* [Exercise description]: In the records below, find the line that contains "WGACA Louis Vuitton Denim Baggy Pm - Blue". Retype that line and all the lines after it through the end, leaving out the pictures.

* [Data]:
__________

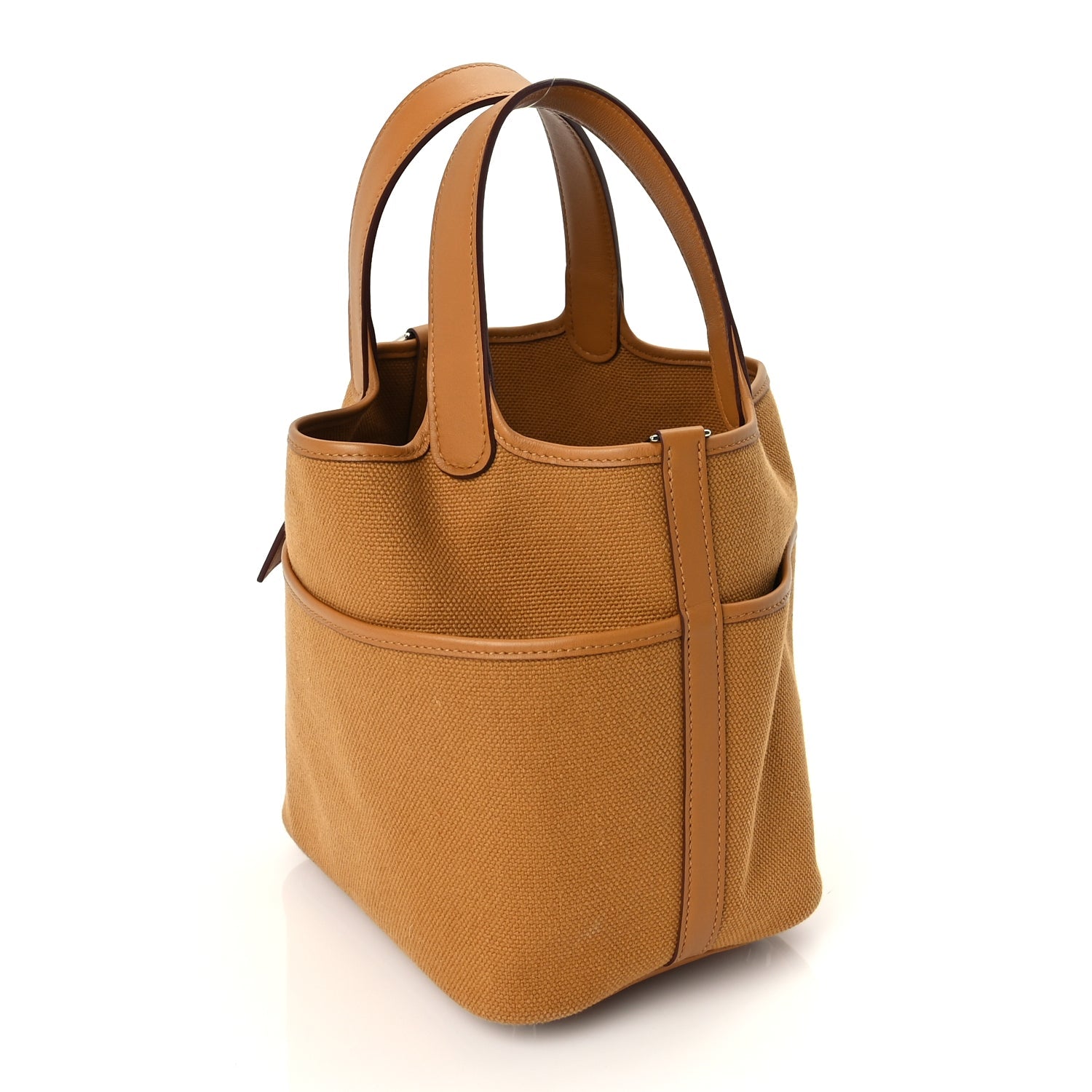 Hermes Toile Goeland Swift Cargo Picotin Lock 18 Sesame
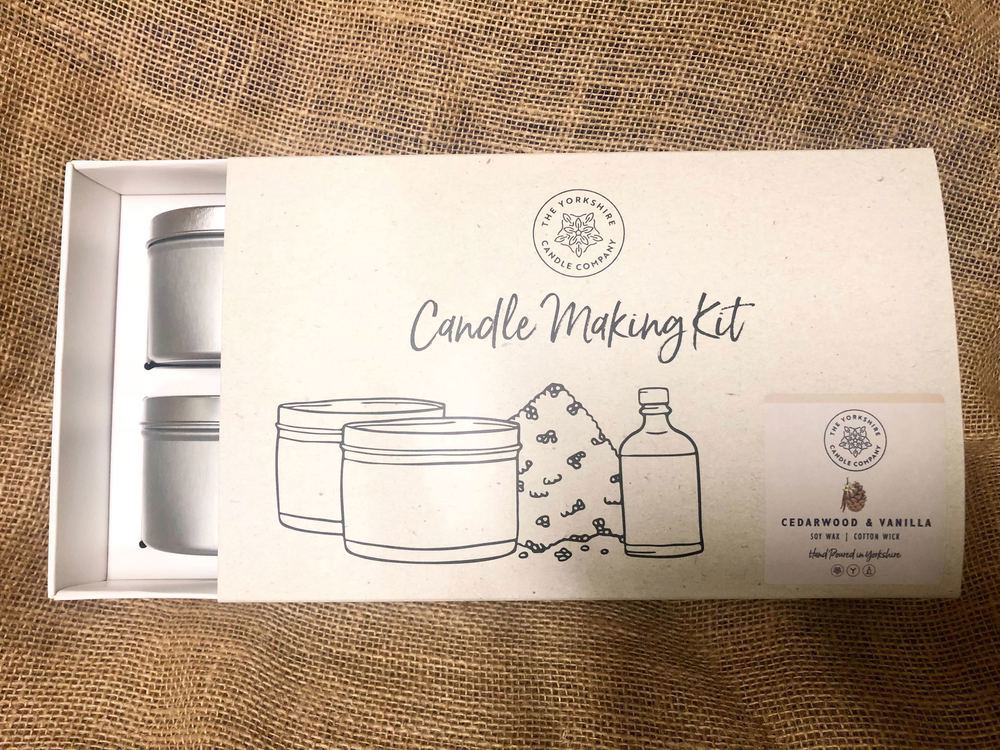 DIY Sheffield Candle making kit - Vanilla and Cedarwood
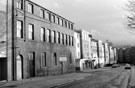 No. 47, rear of the Forum (former premises of Little Mesters Shop)  and Victoria Hall Student accommodation, Eldon Street  looking towards Wellington Street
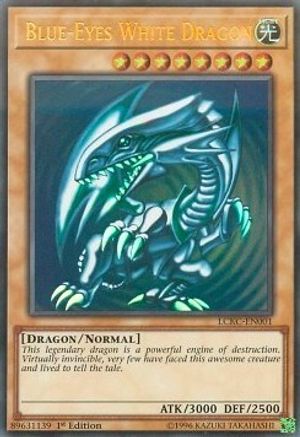 Blue-Eyes White Dragon (Version 2) (LCKC-EN001) - Legendary Collection Kaiba Unlimited
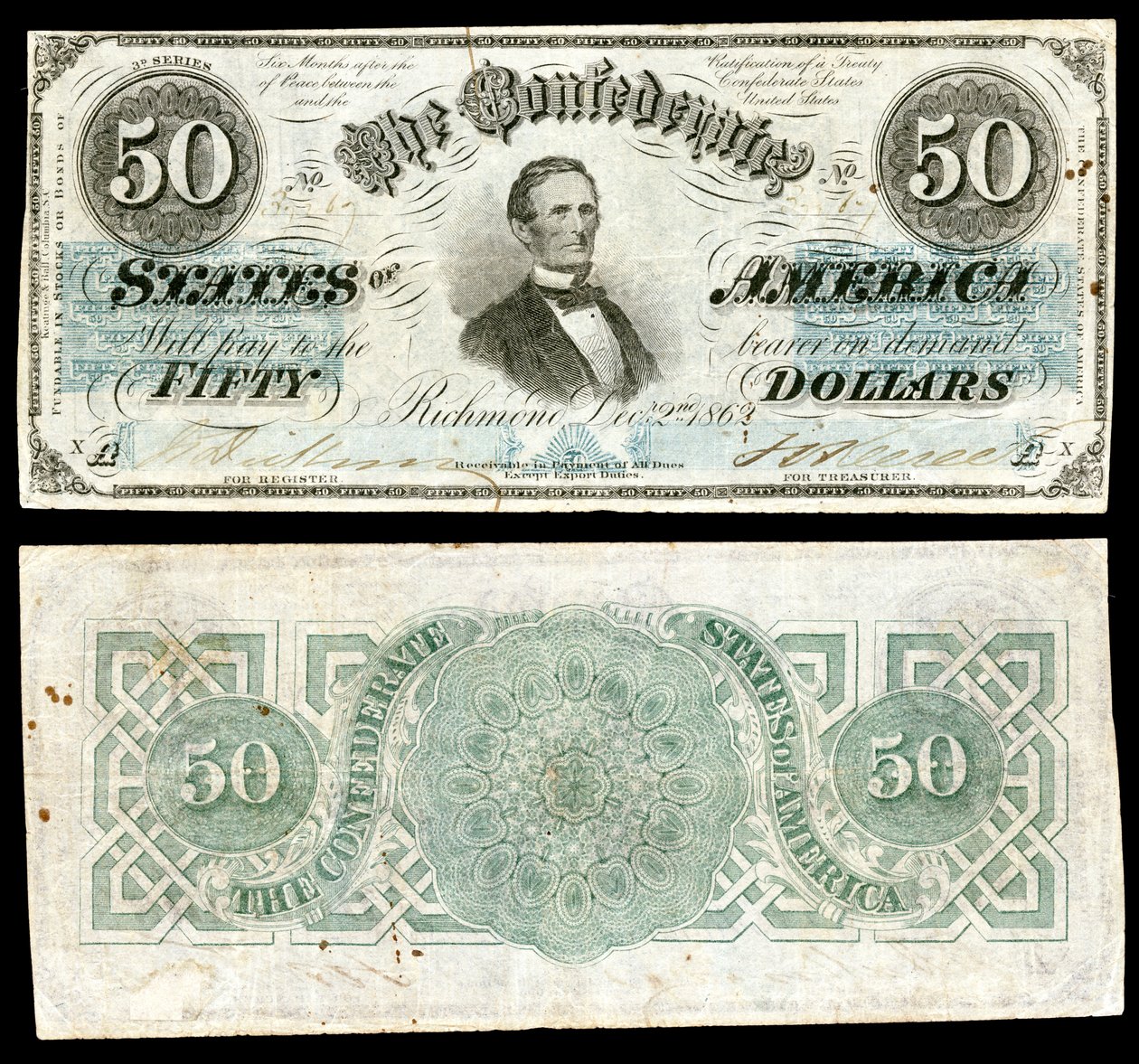CSA-T50-$50-1862 av Keatinge and Ball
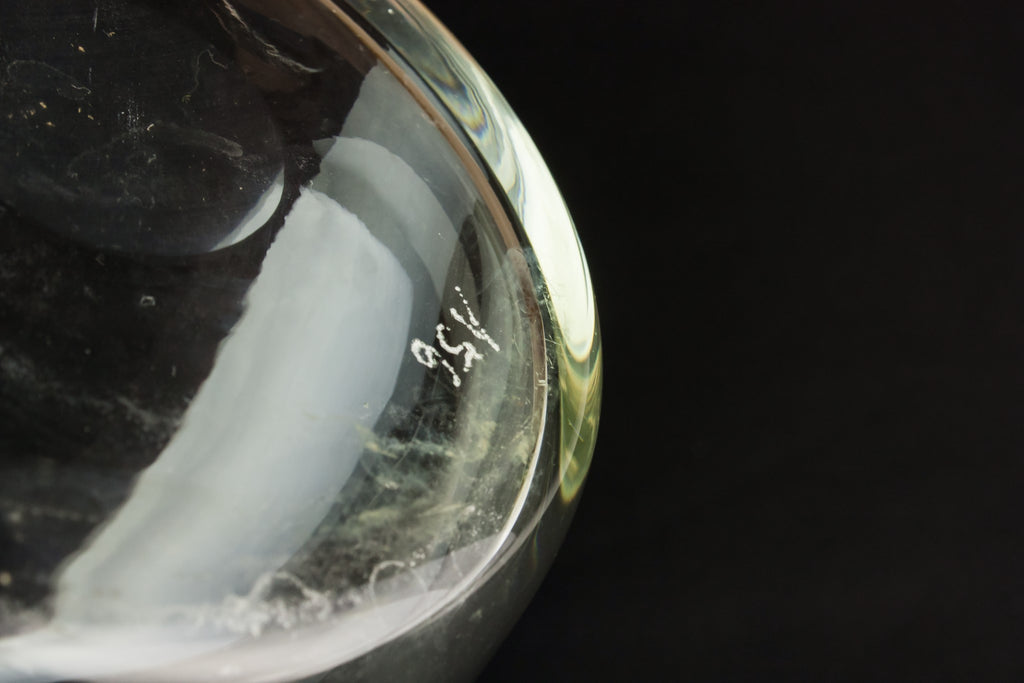 Glass incense or vase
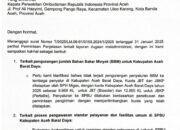 Pertamina: Tidak Ada Pengurangan Kuota BBM Untuk Abdya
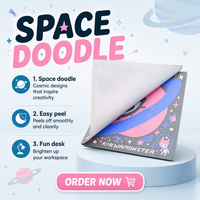 Bloc-notes de scrapbooking imprimé personnalisé de haute qualité note autocollante pour la papeterie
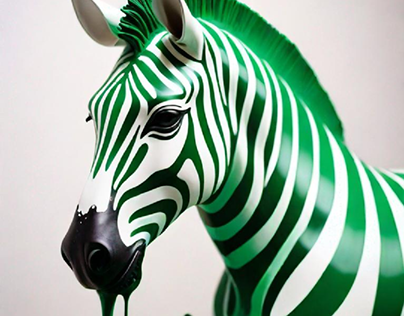 scultura zebra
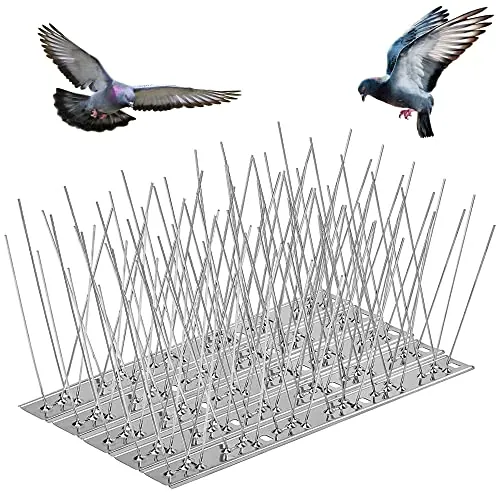 6,6m Pinchos Antipalomas Acero Inoxidable para Balcones y Exterior RUPECA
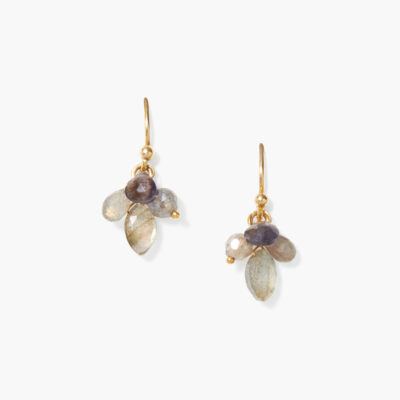 Hila Earrings Labradorite Mix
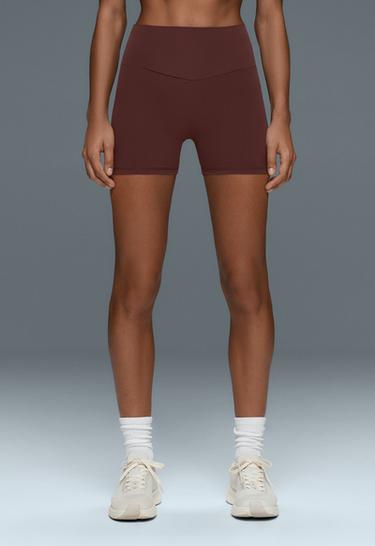 Hot pants high rise Comfortlux 10 cm — CHOCOLATE 3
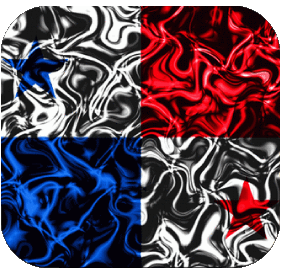 Square Panama America Flags 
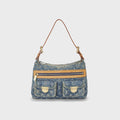 WGACA Louis Vuitton Denim Baggy Pm - Blue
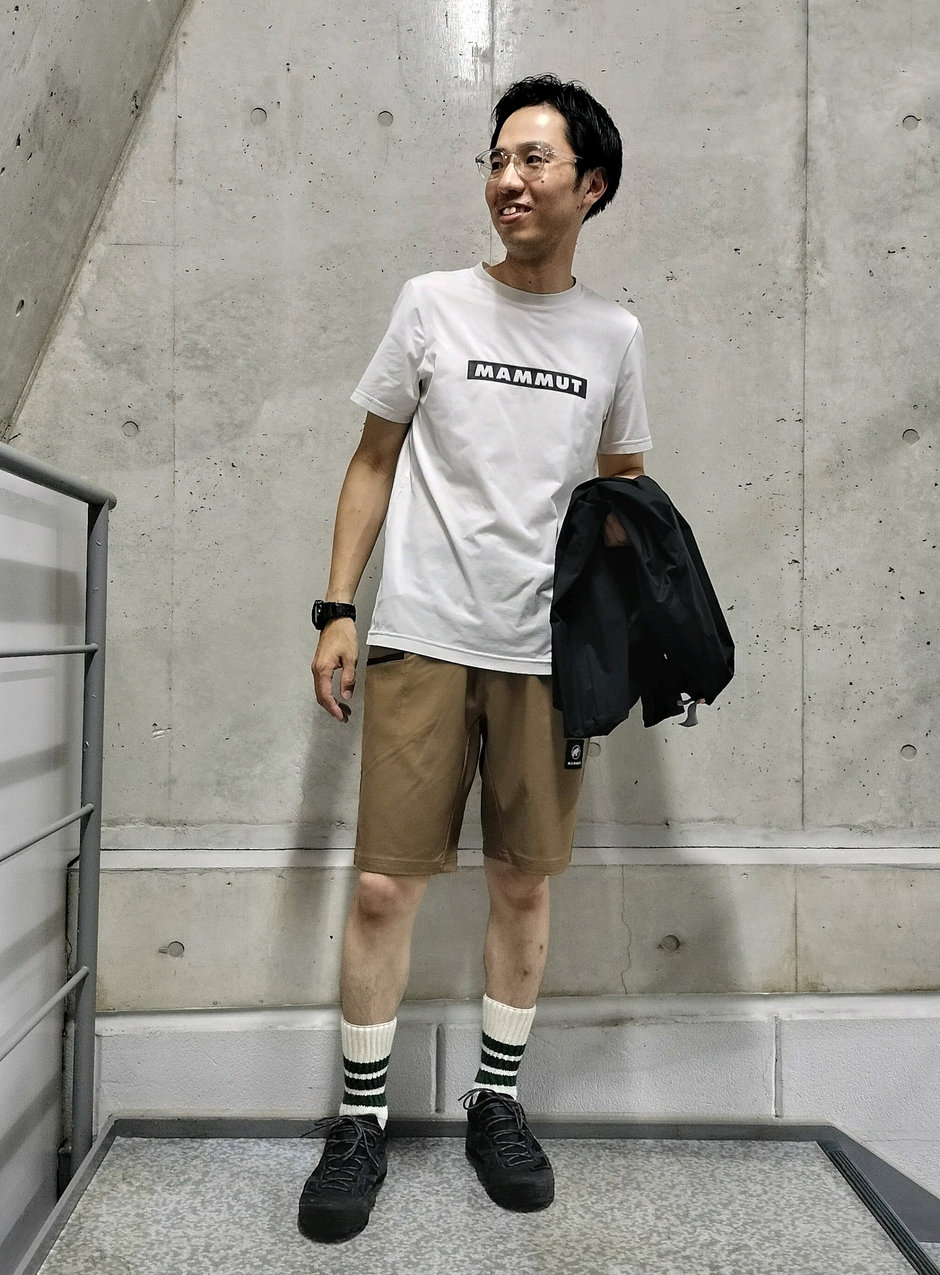 カーディガン+ショートパンツ まえちゃん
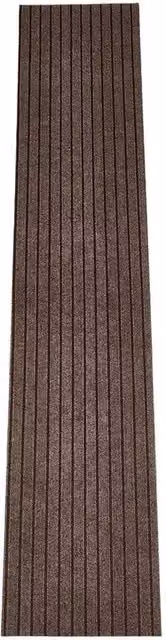 FORGEVIO Self-Adhesive Modern Home Office Floor Mat in Black and Brown, W: 40 cm x L: 200 cm – 1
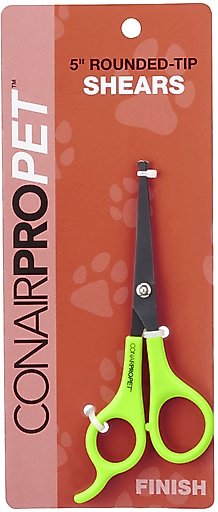 CONAIRPROPET Dog Rounded-Tip Shears, 5-in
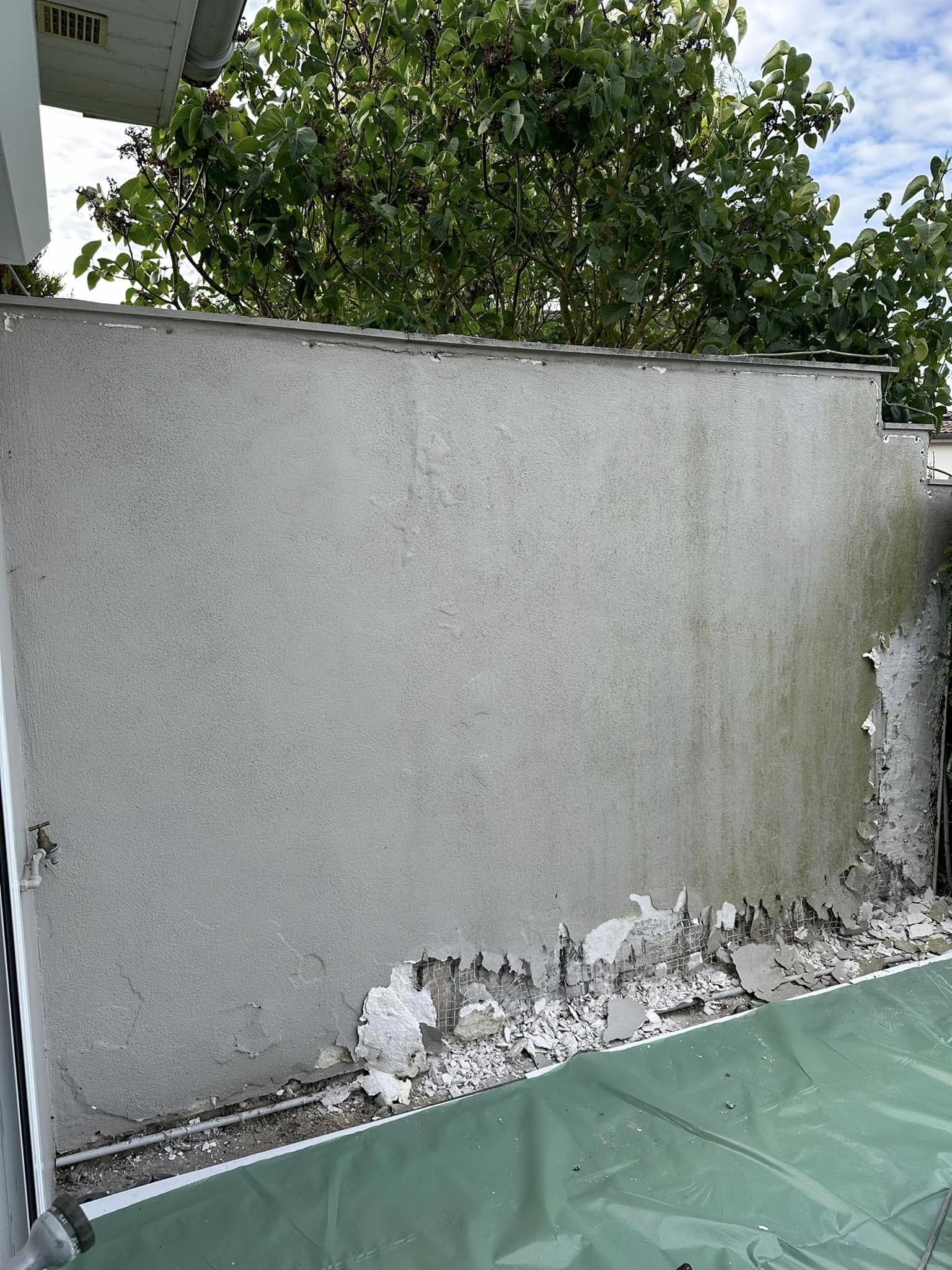 Cimentage extérieur, photographie 1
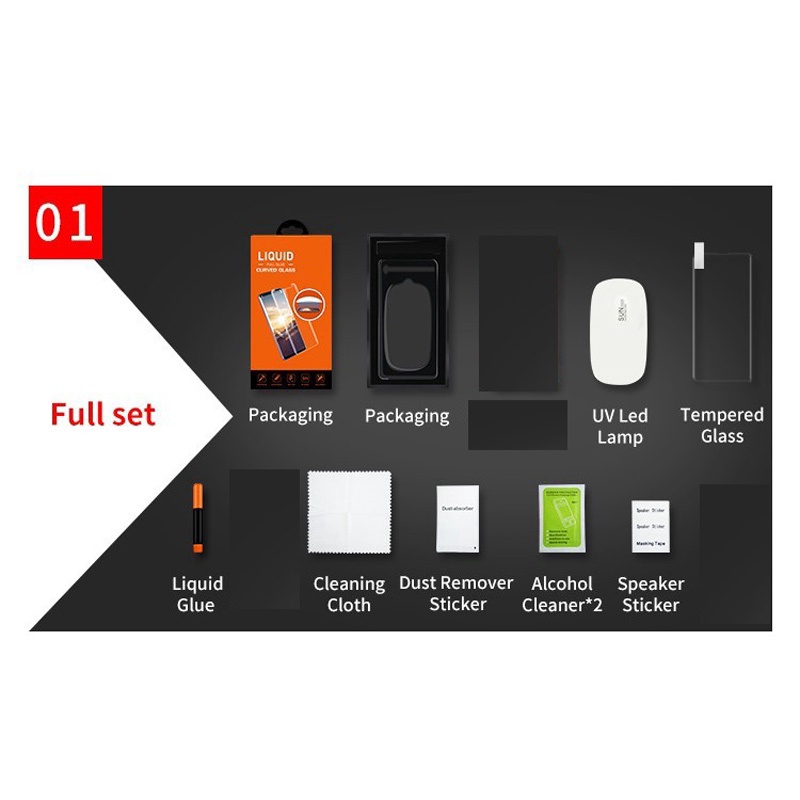 Original TMAX Kính Cường Lực Full Keo T-MAX UV Dành Cho     compatible with for IPhone 11 Pro X Xr Xs Max T Max 5G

__________

* [Output for this exercise]:
 WGACA Louis Vuitton Denim Baggy Pm - Blue
 カーディガン+ショートパンツ まえちゃん
 FORGEVIO Self-Adhesive Modern Home Office Floor Mat in Black and Brown, W: 40 cm x L: 200 cm – 1
 CONAIRPROPET Dog Rounded-Tip Shears, 5-in
 Cimentage extérieur, photographie 1
 Original TMAX Kính Cường Lực Full Keo T-MAX UV Dành Cho     compatible with for IPhone 11 Pro X Xr Xs Max T Max 5G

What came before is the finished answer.